Steve Wozniak Interview Transcript
©1999 Aaron Slater


<AARON> I am sure you know about Kansas Fest, arguably the nation's largest convention of Apple users. Do you have plans on attending KFest 2000? Do you plan on attending KFest in the next few years? When?

<WOZ> I'd love to attend but am so far behind on personal things (I'm saying 'yes' so often to others that I have to say 'no' to my family too often) that it's unlikely that I'll make one.

<AARON> Regarding the Apple logo, where did the idea come from to use six colors, and does the 'bite' represent anything?

<WOZ> The Apple ][ was the only low cost computer to be offered with color (and graphics and hi-res color graphics and game paddles and sound and BASIC in ROM and low cost DRAMs, and cassette tape interface built in, and many other things) and we wanted to stress that. No other computer would have a claim to color for years. The PR agency that we hired came up with the multicolored Apple shape, with the colors in rainbow order. Steve Jobs took it and rearranged the colors to put the darker feeling at the bottom.

<AARON> When Microsoft first introduced Windows, what were your personal
feelings? do you feel betrayed?

<WOZ> The first Windows that I was aware of was just a shell over DOS and still had it's drawbacks. The first Windows that started looking like a Mac was something like 3.1 and it felt like an infringement. Windows 95 was way over the line. But the courts ruled that Apple had licensed this technology to Microsoft because of some fine print that included the phrase "and derivative works."

<AARON> What do you think will happen to Microsoft, now that the United States Department of Justice has declared them a monopoly?

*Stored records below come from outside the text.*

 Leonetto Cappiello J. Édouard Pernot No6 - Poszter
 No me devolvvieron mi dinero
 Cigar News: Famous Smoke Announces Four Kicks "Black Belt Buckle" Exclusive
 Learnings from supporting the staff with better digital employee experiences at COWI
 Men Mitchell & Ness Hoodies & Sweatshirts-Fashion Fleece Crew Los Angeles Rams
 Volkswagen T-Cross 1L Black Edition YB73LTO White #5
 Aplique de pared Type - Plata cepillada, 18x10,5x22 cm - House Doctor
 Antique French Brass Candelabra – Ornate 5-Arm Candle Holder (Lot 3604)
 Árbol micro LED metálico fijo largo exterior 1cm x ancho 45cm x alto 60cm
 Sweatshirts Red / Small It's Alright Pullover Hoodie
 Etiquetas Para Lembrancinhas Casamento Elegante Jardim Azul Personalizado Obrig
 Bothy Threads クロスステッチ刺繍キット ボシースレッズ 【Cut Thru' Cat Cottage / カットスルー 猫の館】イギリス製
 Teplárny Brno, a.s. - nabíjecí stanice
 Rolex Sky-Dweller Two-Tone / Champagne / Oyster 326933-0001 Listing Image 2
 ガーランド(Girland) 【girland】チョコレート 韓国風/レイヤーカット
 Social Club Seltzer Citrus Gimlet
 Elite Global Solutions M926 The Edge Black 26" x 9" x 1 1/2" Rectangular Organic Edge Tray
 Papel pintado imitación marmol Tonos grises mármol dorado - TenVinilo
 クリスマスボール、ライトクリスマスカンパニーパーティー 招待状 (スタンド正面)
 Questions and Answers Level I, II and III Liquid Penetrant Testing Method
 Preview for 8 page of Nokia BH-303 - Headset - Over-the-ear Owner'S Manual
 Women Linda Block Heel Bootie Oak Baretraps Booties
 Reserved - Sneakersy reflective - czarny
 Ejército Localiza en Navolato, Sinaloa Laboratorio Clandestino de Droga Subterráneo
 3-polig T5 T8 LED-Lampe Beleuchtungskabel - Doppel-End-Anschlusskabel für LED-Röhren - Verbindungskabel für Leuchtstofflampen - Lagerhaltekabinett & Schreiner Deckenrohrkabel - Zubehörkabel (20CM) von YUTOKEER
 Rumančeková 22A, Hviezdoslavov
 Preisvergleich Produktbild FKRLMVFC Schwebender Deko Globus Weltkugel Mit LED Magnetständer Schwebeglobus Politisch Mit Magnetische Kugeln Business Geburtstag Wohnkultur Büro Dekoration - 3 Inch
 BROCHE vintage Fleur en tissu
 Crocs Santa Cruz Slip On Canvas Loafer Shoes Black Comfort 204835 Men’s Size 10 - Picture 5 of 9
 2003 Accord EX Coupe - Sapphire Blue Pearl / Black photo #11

<WOZ> I hope that they will be severely broken up and have to put their OS in the public domain and give their browser to AOL, along with the value of lost browser business ($100B?) and penalties too...But I expect that the final deals get worked out with a settlement that is mostly words and costs Microsoft little, like agreements to avoid certain practices in the future and token apologies. That's probably the difference between the justice department and Microsoft right now.

<AARON> What do you think of the open source situation in general? Are Linux or BSD variants viable options for the future of the Mac?

<WOZ> I'm not close enough to answer. It sounds good and pure and can attract some of the best minds for a while, but will it continue in this mode? I don't have the answer.

<AARON> Where do you see the Mac going as Open Source software Breaks hardware barriers?

<WOZ> I haven't thought about it, sorry...It seems that the Mac has always been very closed source, held closed by at least one copyright ROM. Apple didn't have a good experience with clones. I think that the feeling is that Apple can make better hardware when it keeps control and there aren't 20 companies making their own versions of it.

<AARON>
The Apple II series was undoubtedly the most popular and widespread computer of it's time, unfortunately it's lineage was ended with the IIgs. What do you think the Apple II series would be like today if it had been allowed to evolve past the IIgs into today?

<WOZ> I don't think that the processor extensions, along with the need to support the past products, would have made sense. An OS should be designed for a graphics environment from the ground up, as the Mac's was. I don't think that app development for the ][gs would have kept up with that for the Mac. But there would still be a sizable group of followers, just not in relative, or percentage, terms. The Mac today suffers from having fewer new apps and compatible products, but it fare's OK.

<AARON> Looking back on all you know now, if it were 1977, what would you have changed about the design of the Apple II?

<WOZ> I've looked back sincerely many many times and always concluded that I would not change a thing.

<AARON> What single accomplishment are you most pleased with in the Apple II? Why?

<WOZ> Probably it would be the few-chip color solution. Overall, the product was designed to take very few chips in a day when there weren't many large chips to use. Even the 4 paddles only took one chip. The system timing got reduced from 10 chips to 5 and then again to about 2 chips. Combining the video RAM and processor RAM was another huge chip saving. In the end we were able to build a product that far outclassed the other computers of the day, yet took only a small fraction of the chips, and was therefore able to be manufactured as a very complete computer in a small size.